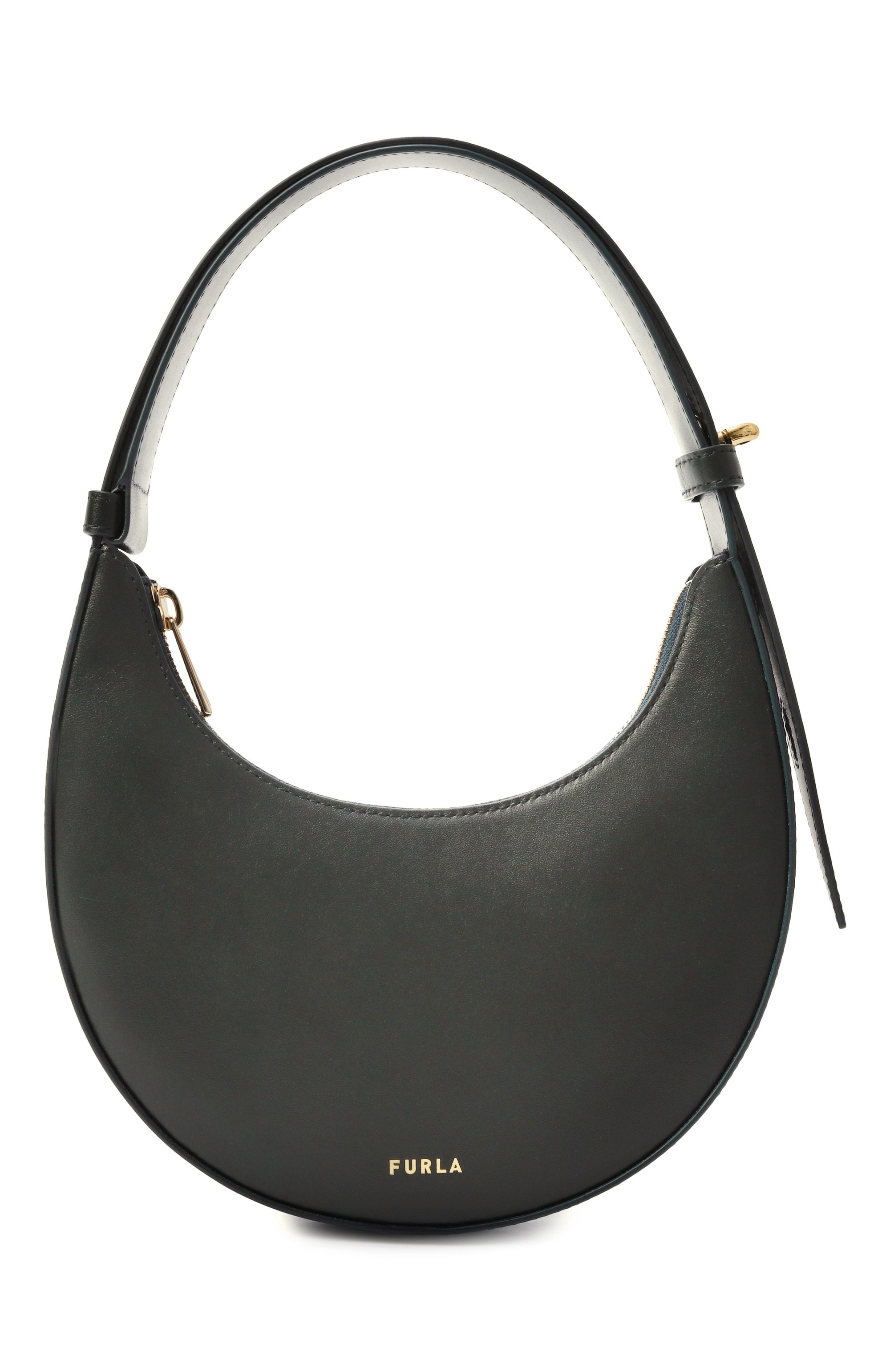 Сумка furla delizia mini FURLA, арт. WE00649/AX0733, фото 1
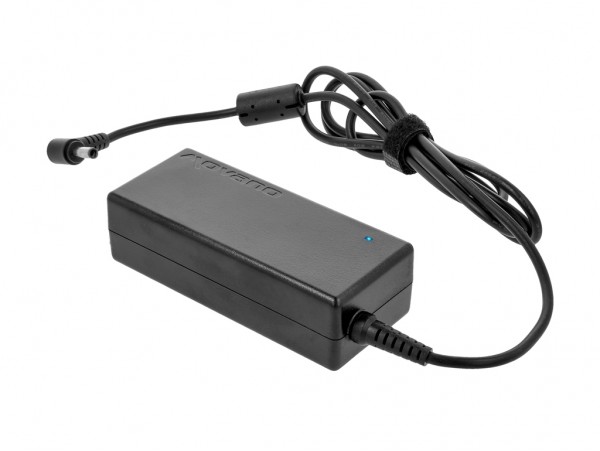 Polnilec za prenosnike Asus, 45W / 19V / 2,37A / 4,5mm x 3,0mm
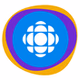 ICI Musique Québec - CBVX-FM logo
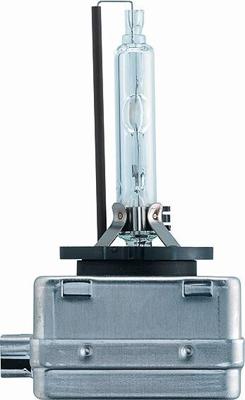 Philips Hoofdlamp "xenon vision" van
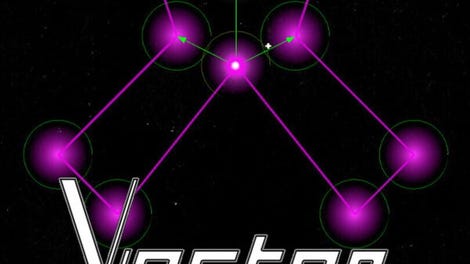Vector Light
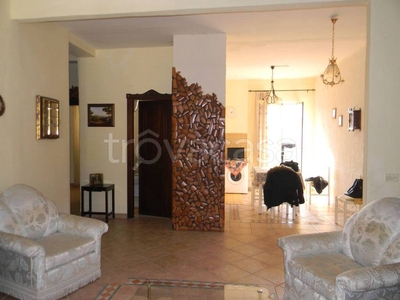 Appartamento in vendita a Favara via Alcide De Gasperi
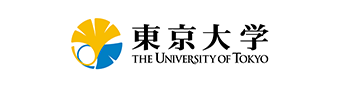 東京大学内の保育園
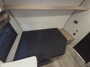 bunk-room
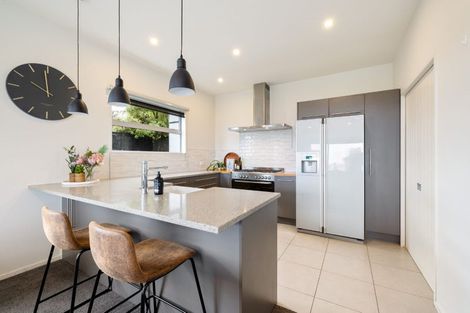 Photo of property in 4 Patchett Place, Cashmere, Christchurch, 8022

○ ○ ○ ○ ○

## [Activity]
With the pictures removed, set down the entire listing exactly.

## [Task output]
 Сумка furla delizia mini FURLA, арт. WE00649/AX0733, фото 1
 Polnilec za prenosnike Asus, 45W / 19V / 2,37A / 4,5mm x 3,0mm
 ICI Musique Québec - CBVX-FM logo
 Philips Hoofdlamp "xenon vision" van
Vector Light
 Appartamento in vendita a Favara via Alcide De Gasperi
 東京大学内の保育園
 bunk-room
 Photo of property in 4 Patchett Place, Cashmere, Christchurch, 8022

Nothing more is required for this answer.